Beitrag von Marika » 25:11:2016 9:05

Hallo,

dein Termin ist nicht mehr all zu weit - ich glaube die Überlegung eine AD zu nehmen, ist jetzt wirklich angebracht. Johanniskraut Präparat sind sehr wertvoll, aber wirklich helfen tun sie bei leichten bis höchstens mittelschweren depressiven Symptomen.

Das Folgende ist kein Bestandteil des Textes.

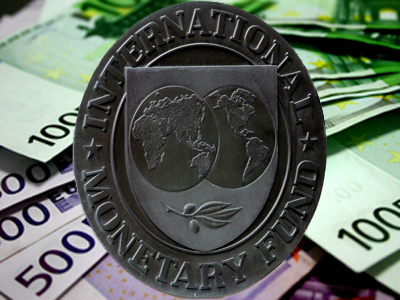 El FMI pide a los países retrasar la edad de jubilación o recortar las prestaciones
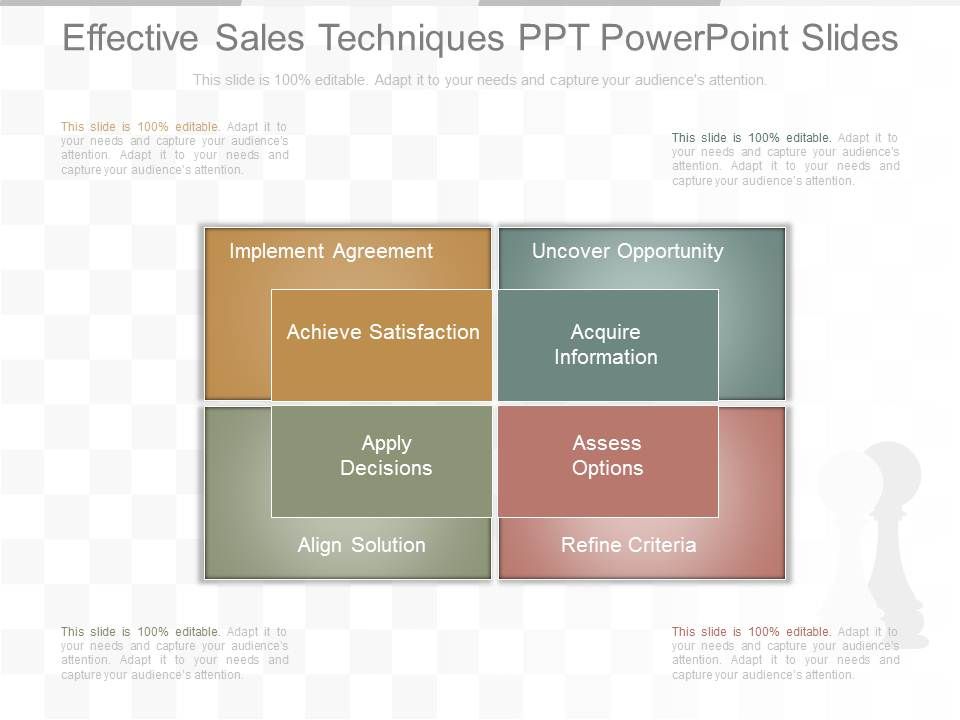 Effective_Sales_Techniques_Ppt_Powerpoint_Slides_1.jpg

Hast du bereits in Richtung Therapie was erreicht?
Liebe Grüße von
Marika

Diagnose:
schwere PPD 2005
heute völlig beschwerdefrei mit 10 mg Cipralex

Ninsch

Re: Angst vor Rückfall

Beitrag von Ninsch » 25:11:2016 21:24

Liebe Marika,

den Termin für die Therapie habe ich am Donnerstag. Das Liaf 900 hat mir nichts gebracht. Gestern Nacht hatte ich mehrere Träume, dass meine Kinder tot oder verletzt sind und ich ihnen nicht helfen konnte. Dementsprechend lag ich heute nacht wieder wach und an Schlaf war nicht zu denken. Das Gedankenrad-Karussell drehte immer schneller. Heute werde ich mir ein Kühlpad auf den Kopf legen und Ronja auf den Bauch. Vielleicht wird es so dann anhalten.